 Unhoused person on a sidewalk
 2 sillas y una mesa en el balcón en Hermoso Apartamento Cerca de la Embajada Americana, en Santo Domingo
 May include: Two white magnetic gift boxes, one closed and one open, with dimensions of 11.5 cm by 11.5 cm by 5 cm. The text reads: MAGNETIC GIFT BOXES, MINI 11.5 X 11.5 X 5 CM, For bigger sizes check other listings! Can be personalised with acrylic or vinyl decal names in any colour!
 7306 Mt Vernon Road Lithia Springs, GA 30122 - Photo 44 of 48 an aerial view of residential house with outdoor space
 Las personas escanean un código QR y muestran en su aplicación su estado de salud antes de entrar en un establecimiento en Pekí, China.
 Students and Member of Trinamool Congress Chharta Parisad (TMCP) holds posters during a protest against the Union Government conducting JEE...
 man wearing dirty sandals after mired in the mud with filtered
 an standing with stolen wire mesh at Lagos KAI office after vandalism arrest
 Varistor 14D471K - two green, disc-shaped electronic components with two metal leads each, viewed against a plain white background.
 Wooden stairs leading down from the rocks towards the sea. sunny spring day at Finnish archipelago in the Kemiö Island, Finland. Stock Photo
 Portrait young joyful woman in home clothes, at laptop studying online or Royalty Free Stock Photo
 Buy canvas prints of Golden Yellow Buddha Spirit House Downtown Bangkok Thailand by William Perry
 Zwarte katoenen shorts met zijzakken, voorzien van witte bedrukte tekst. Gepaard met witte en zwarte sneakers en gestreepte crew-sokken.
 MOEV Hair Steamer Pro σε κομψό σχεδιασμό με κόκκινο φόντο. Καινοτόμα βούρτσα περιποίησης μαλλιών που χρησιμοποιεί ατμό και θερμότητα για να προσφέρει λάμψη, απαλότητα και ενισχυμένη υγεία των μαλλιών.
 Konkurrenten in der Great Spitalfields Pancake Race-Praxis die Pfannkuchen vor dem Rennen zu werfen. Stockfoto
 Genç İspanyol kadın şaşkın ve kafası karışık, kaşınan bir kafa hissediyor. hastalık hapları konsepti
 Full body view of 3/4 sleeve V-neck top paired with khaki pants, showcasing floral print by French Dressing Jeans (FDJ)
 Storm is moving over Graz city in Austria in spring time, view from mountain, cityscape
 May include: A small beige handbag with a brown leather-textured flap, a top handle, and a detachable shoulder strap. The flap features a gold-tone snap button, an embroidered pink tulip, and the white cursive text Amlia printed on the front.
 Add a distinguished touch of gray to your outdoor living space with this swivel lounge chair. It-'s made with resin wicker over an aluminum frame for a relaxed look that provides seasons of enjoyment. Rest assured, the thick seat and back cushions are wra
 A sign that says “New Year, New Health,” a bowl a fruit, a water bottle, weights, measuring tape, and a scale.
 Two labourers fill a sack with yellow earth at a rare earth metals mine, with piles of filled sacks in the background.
==================================================
* _REQUIRED ACTION_
Can you quote exactly the lines from the one containing "May include: A" through the last line of the records above, and nothing else?

* _EXPECTED OUTPUT_
 May include: A small beige handbag with a brown leather-textured flap, a top handle, and a detachable shoulder strap. The flap features a gold-tone snap button, an embroidered pink tulip, and the white cursive text Amlia printed on the front.
 Add a distinguished touch of gray to your outdoor living space with this swivel lounge chair. It-'s made with resin wicker over an aluminum frame for a relaxed look that provides seasons of enjoyment. Rest assured, the thick seat and back cushions are wra
 A sign that says “New Year, New Health,” a bowl a fruit, a water bottle, weights, measuring tape, and a scale.
 Two labourers fill a sack with yellow earth at a rare earth metals mine, with piles of filled sacks in the background.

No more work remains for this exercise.